Required action
Transcribe the listing in full, excluding any pictures.

Data
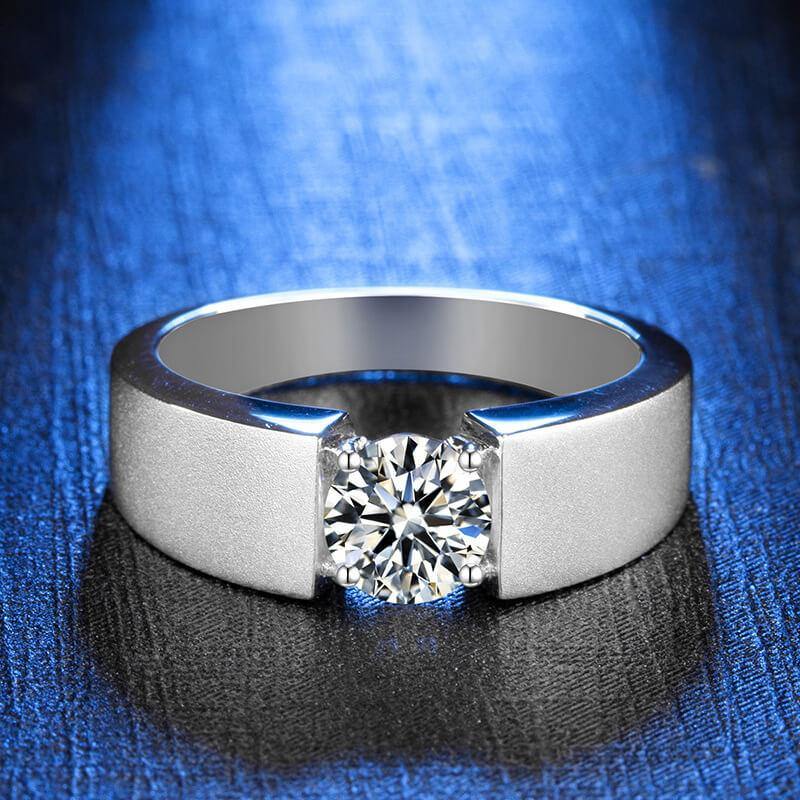 Fashion simple Moissanite sterling silver wedding ring - ReadYourHeart,RRW-M82A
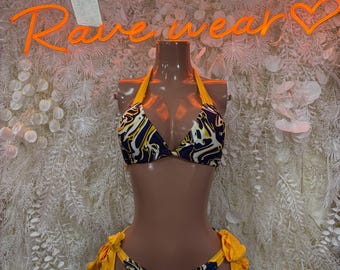 Beach Bikini Multicolor Two Piece Set Ravewear –  Dancewear Outfit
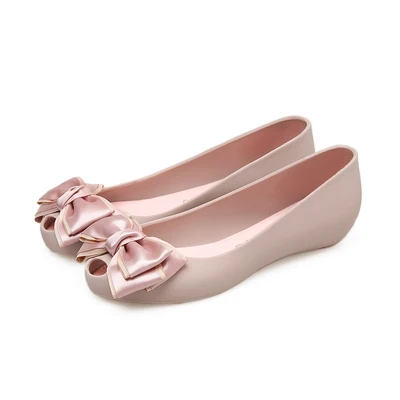 Женские пляжные туфли на плоской подошве туфли-желе с бантом и открытым носком 2020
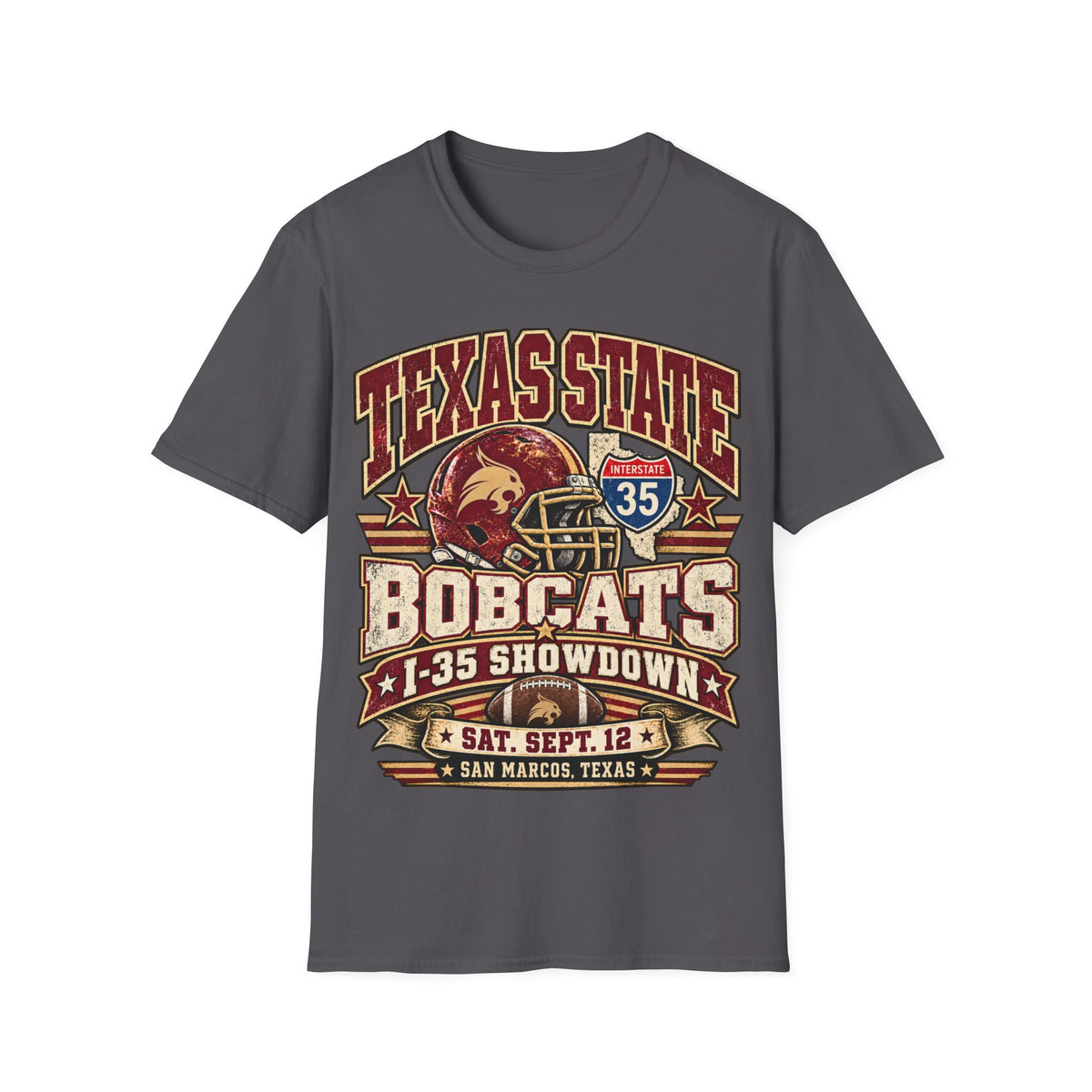 Texas State Bobcats Football T‑Shirt – I‑35 Showdown Game Day Tee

Your solution
 Fashion simple Moissanite sterling silver wedding ring - ReadYourHeart,RRW-M82A
 Beach Bikini Multicolor Two Piece Set Ravewear –  Dancewear Outfit
 Женские пляжные туфли на плоской подошве туфли-желе с бантом и открытым носком 2020
 Texas State Bobcats Football T‑Shirt – I‑35 Showdown Game Day Tee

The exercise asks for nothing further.